SRAG: RAG with Structured Data Improves Vector Retrieval

arXiv cs.CL / 3/31/2026

💬 OpinionSignals & Early TrendsIdeas & Deep AnalysisModels & Research

Key Points

  • The paper argues that standard RAG relies heavily on embedding-based representational similarity and can underperform when queries and chunks require more than vector similarity for accurate grounding.
  • It proposes Structured RAG (SRAG), which enriches both queries and retrieved chunks with structured signals such as topics, sentiments, query/chunk types, knowledge-graph triples, and semantic tags.
  • Experiments show SRAG significantly improves the retrieval process, indicating better alignment between user intent and the information retrieved.
  • Using GPT-5 as an LLM-as-a-judge in a question-answering setting, SRAG improves answer scoring by about 30% (p-value = 2e-13), with the largest gains on comparative, analytical, and predictive questions.
  • The authors report that SRAG supports broader, more diverse, and episodic-style retrieval while also improving tail-risk outcomes (more frequent large gains with relatively small losses).

Abstract

Retrieval Augmented Generation (RAG) provides the necessary informational grounding to LLMs in the form of chunks retrieved from a vector database or through web search.
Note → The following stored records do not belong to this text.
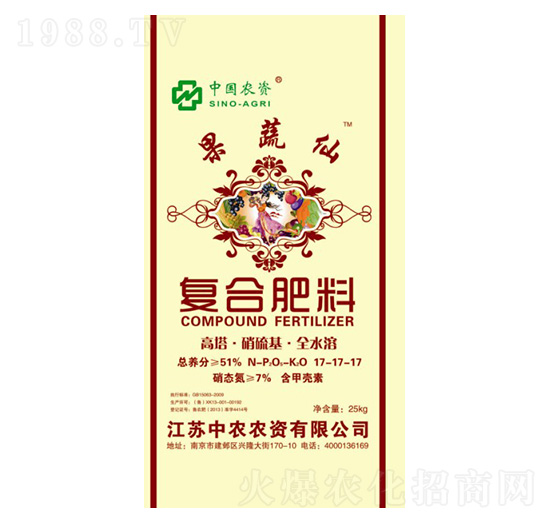 復合肥料17-17-17-果蔬仙-中農農資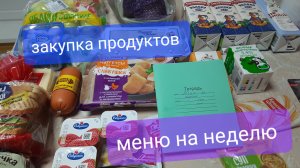 Закупка продуктов на неделю ✅️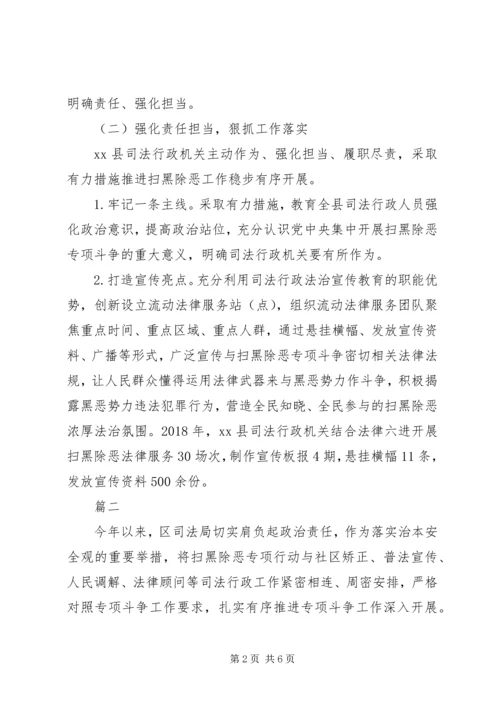 司法局扫黑除恶调研报告两篇.docx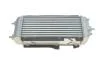 Фото 3 - intercooler hyundai NRF 30989 INTERCOOLER HYUNDAI NRF 30989 (фото 3)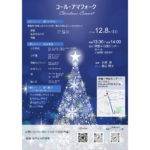 12/8(日) コール・アマフォーク ChristmasConcert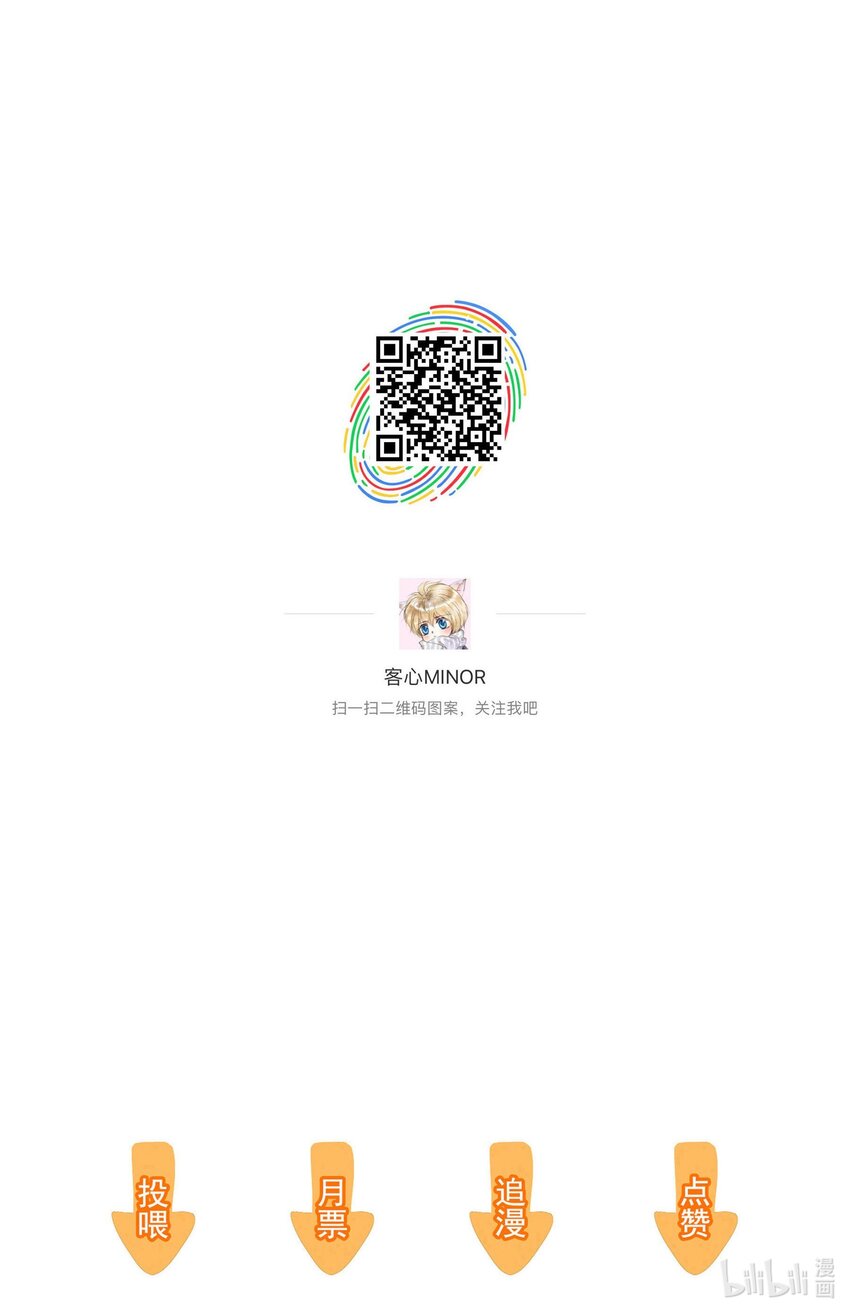 《龙凤翻转》044 恋爱剧本 第41页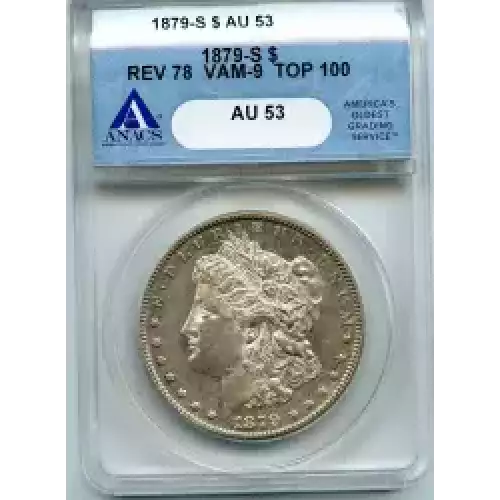 Morgan Silver Dollar (3)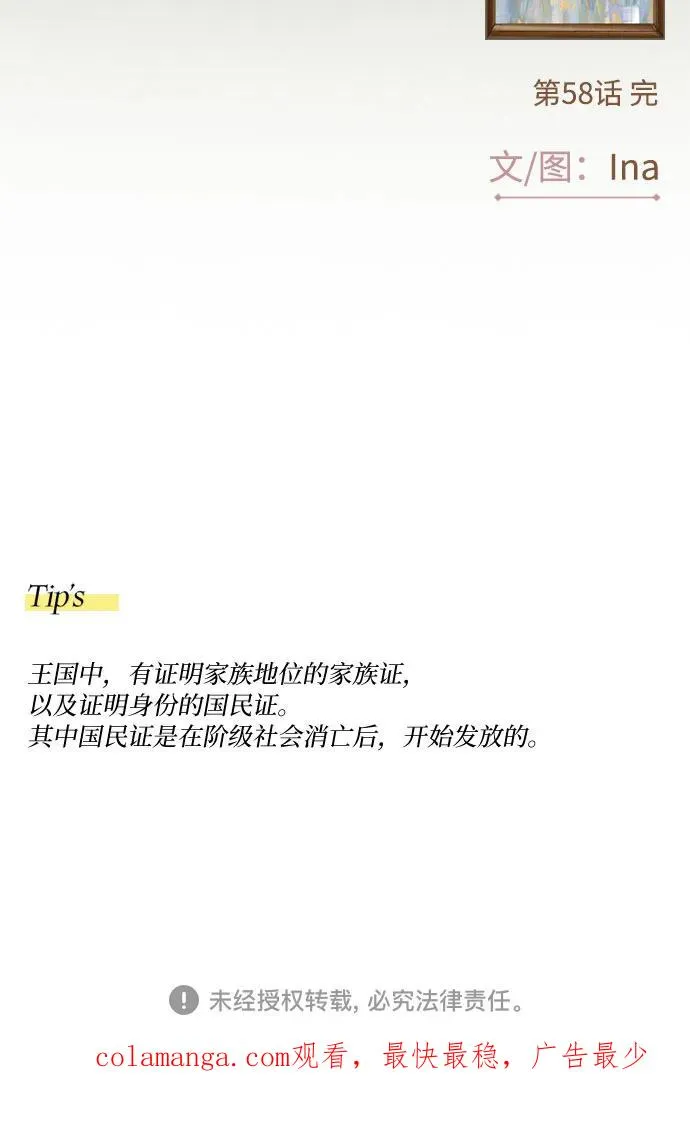 [第58话] 即使害怕，也要反抗 第65页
RAG could also use knowledge graph triples as a means of providing factual information to an LLM. However, the retrieval is only based on representational similarity between a question and the contents. The performance of RAG depends on the numeric vector representations of the query and the chunks. To improve these representations, we propose Structured RAG (SRAG), which adds structured information to a query as well as the chunks in the form of topics, sentiments, query and chunk types (e.g., informational, quantitative), knowledge graph triples and semantic tags. Experiments indicate that this method significantly improves the retrieval process. Using GPT-5 as an LLM-as-a-judge, results show that the method improves the score given to answers in a question answering system by 30% (p-value = 2e-13) (with tighter bounds). The strongest improvement is in comparative, analytical and predictive questions. The results suggest that our method enables broader, more diverse, and episodic-style retrieval. Tail risk analysis shows that SRAG attains very large gains more often, with losses remaining minor in magnitude.